■ **Task to carry out**
When you repeat the entries below, please keep them exact and leave out the pictures.

■ **Records drawn from a dataset**

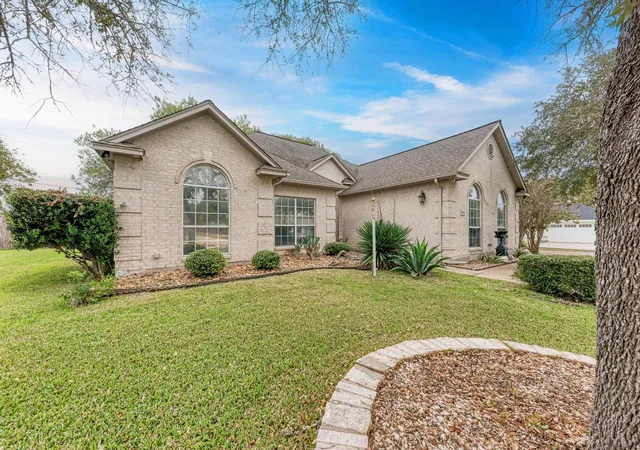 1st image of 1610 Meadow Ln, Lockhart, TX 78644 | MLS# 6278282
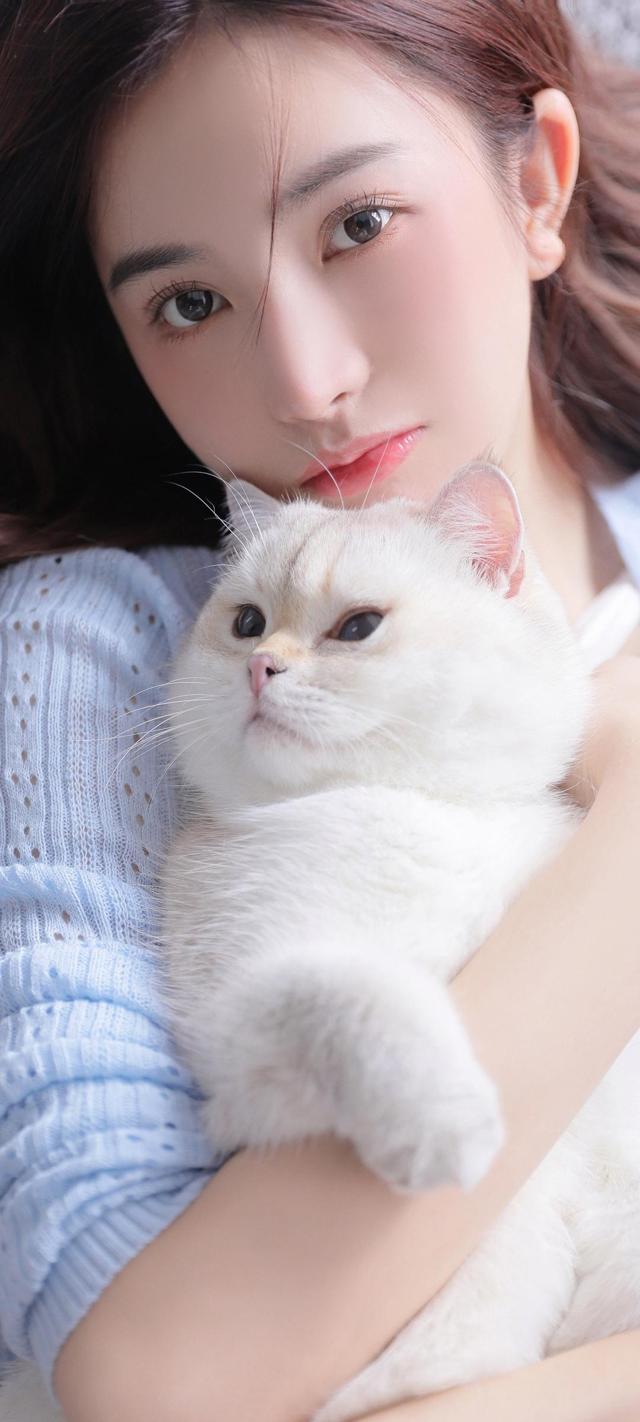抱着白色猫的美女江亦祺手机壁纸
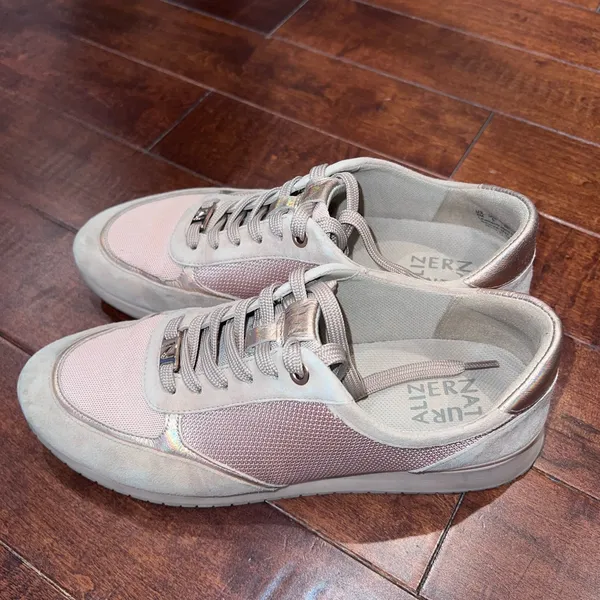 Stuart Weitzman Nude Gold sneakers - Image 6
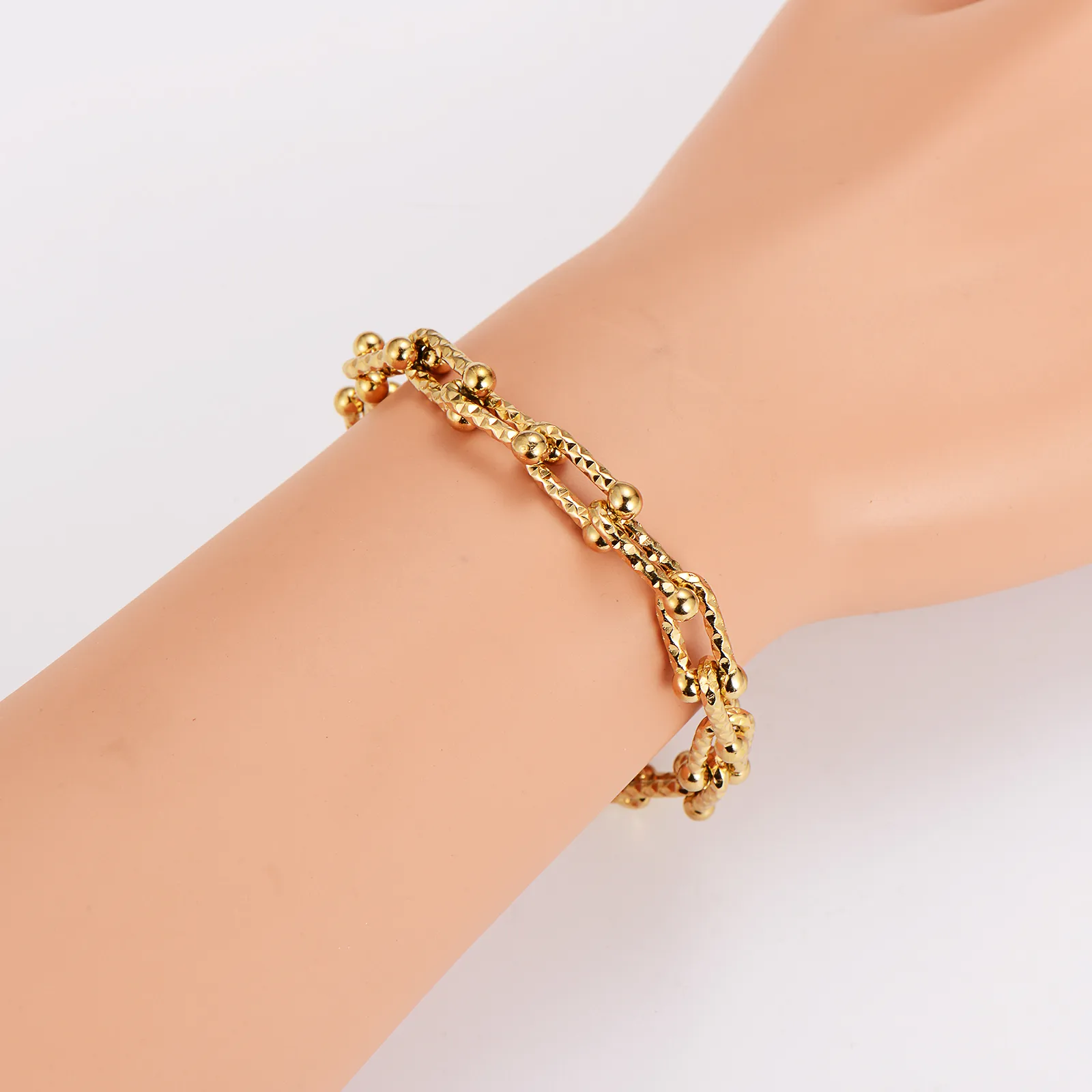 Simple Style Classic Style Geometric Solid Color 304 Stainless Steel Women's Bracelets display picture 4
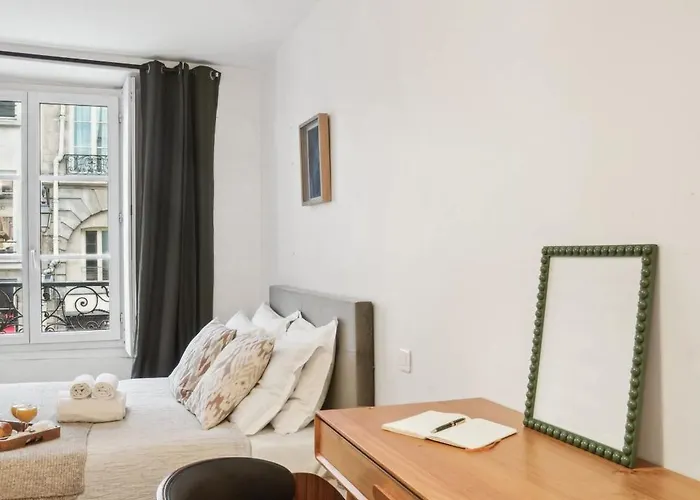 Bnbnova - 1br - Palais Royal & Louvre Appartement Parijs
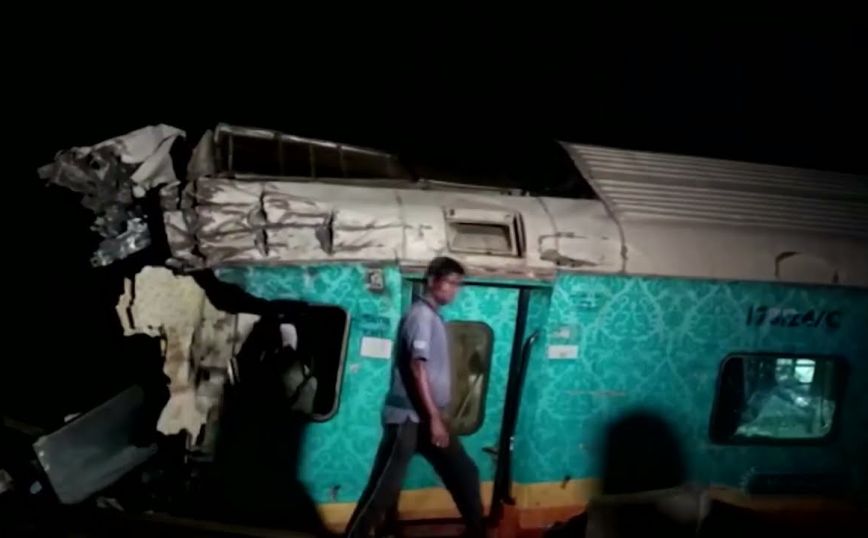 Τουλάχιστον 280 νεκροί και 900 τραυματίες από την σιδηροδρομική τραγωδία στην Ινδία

■ **Answer for the task**
 1st image of 1610 Meadow Ln, Lockhart, TX 78644 | MLS# 6278282
抱着白色猫的美女江亦祺手机壁纸
 Stuart Weitzman Nude Gold sneakers - Image 6
 Simple Style Classic Style Geometric Solid Color 304 Stainless Steel Women's Bracelets display picture 4
 Bnbnova - 1br - Palais Royal & Louvre Appartement Parijs
 Τουλάχιστον 280 νεκροί και 900 τραυματίες από την σιδηροδρομική τραγωδία στην Ινδία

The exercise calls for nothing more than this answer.